Özellikle şu son birkaç yılda o denli kırıcı şeyler geçti ki başımdan...
hayatı toz pembe görmüyordum elbette. çocukluğumda, insanların birbirlerini nasıl dolandırdıklarını, sattıklarını, iki yüzlülüklerini türlü vesilelerle öğrenmiştim. Bir dostun seni nasıl sırtından vurabileceğini görmüştüm, kıskançlığın insana neler yaptırabileceğini anlamıştım. hem de çok çok erkenden...
hayata daha sıkı tutundum o yüzden. Hep yüksekleri amaçladım.
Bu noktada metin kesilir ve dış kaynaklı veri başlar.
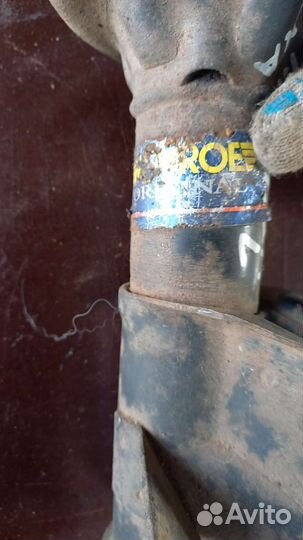 Амортизатор передний, левый. Митсубиси Каризма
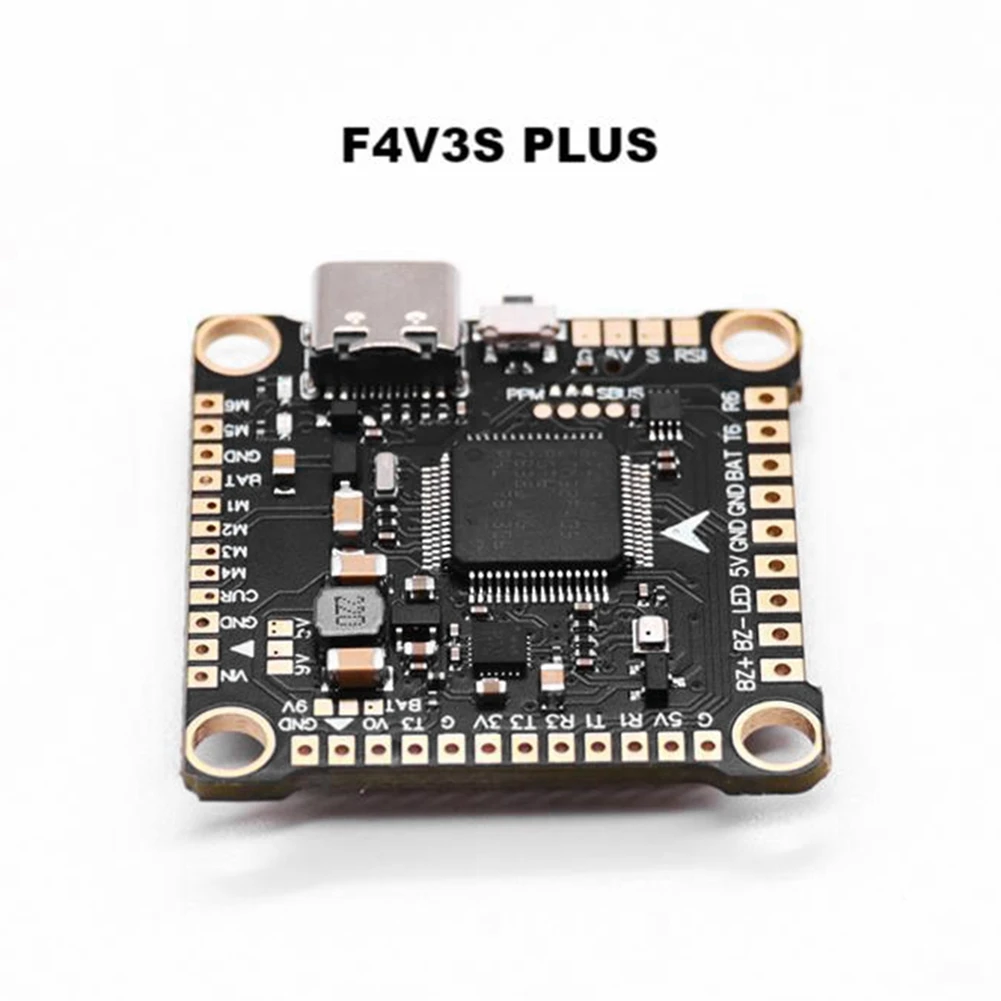 Gros plan sur le microcontrôleur du Contrôleur de vol F4V3S Plus, optimisé pour drones FPV Sp Racing F4/F7.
Farkımı işimde ve insanlara olan yaklaşımımda gösterecektim, sevgi doluydum.
Zaman ilerledikçe öyle insanlar tanıdım ki, dilin ne denli derin yaralar açan bir silah olabileceğini onlardan öğrendim. bir insanın damarına dille nasıl basılır, nasıl zihni darmadağın edilir, öğrendim.
derken düşe kalka toparlanmayı öğrendim. işler temelli çıkmaza girdiğinde, kendimle dalga geçmeyi öğrendim.
Bir insanın hayatıyla nasıl oynanır? En son bir hafta önce yaşadım bunu. Çok güvendiğim, saydığım bir insanın gözlerimin içine bakarak ve kızarmadan yalan söylemesine tanık oldum. Bir insanın hayatıyla nasıl oynanır, hayalleri nasıl karartılır öyle iyi biliyorum ki artık. Öğrettiler.
Bundan yaklaşık bir ay önce deinsanın duygularıyla oynamanın nasıl kolay olabildiğini öğrendim.
Tüm bunların sonucunda öğrendiğim en önemli şey, ne olursa olsun yılmamak oldu. Önemli olan ne istediğini bilip, yoluna her ne pislik çıkarsa çıksın devam edebilmek.